*Your objective*.
In the material below, the lines between the one holding "Used BMW 1 Series" and the one holding "USD 60 Millones", inclusive, are to be set down word for word. Pictures stay out.

*Material for this task*.
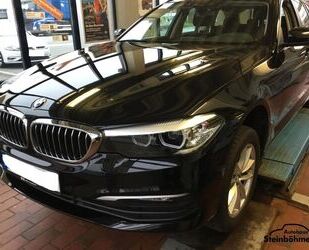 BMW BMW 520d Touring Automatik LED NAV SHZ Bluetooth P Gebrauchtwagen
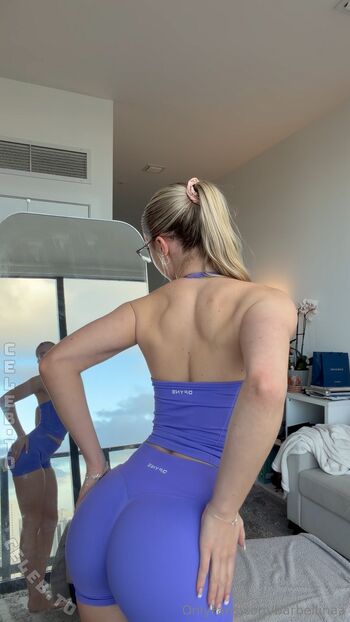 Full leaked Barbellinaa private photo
* * *
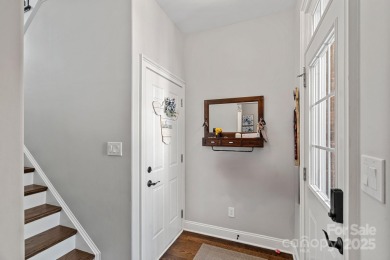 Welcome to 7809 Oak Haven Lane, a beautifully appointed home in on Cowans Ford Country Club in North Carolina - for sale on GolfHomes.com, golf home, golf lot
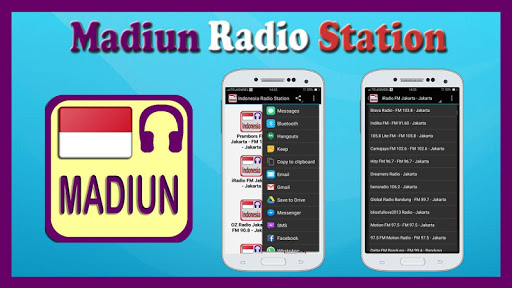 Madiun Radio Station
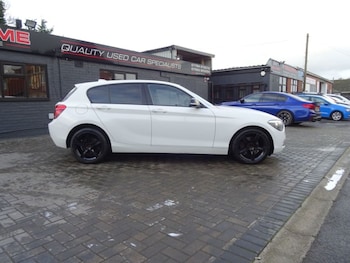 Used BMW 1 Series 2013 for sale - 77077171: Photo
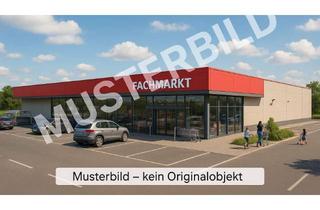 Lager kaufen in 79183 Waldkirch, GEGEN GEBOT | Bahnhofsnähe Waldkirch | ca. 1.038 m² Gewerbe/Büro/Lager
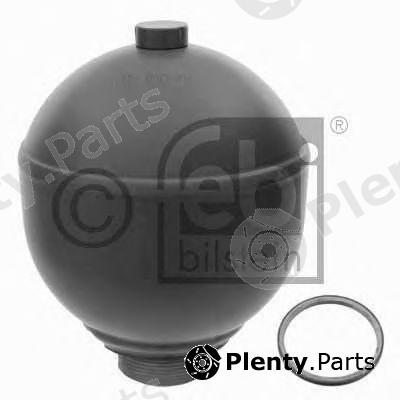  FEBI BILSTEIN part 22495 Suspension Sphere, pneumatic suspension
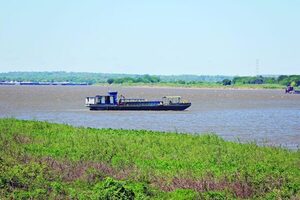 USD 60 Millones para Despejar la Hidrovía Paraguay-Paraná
...
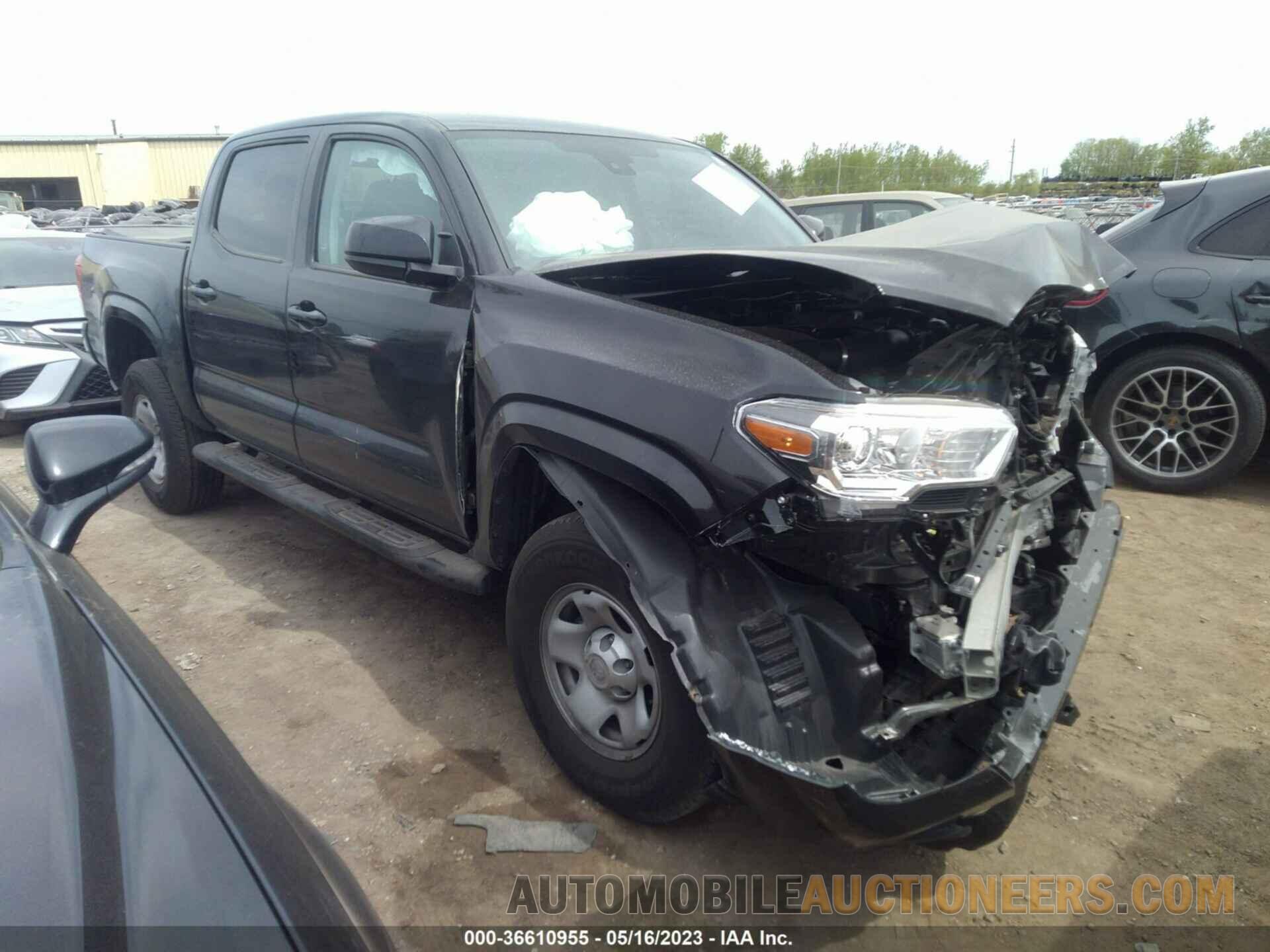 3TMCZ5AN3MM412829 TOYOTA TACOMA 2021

*Exercise output*.
 Used BMW 1 Series 2013 for sale - 77077171: Photo
 Lager kaufen in 79183 Waldkirch, GEGEN GEBOT | Bahnhofsnähe Waldkirch | ca. 1.038 m² Gewerbe/Büro/Lager
  FEBI BILSTEIN part 22495 Suspension Sphere, pneumatic suspension
 USD 60 Millones para Despejar la Hidrovía Paraguay-Paraná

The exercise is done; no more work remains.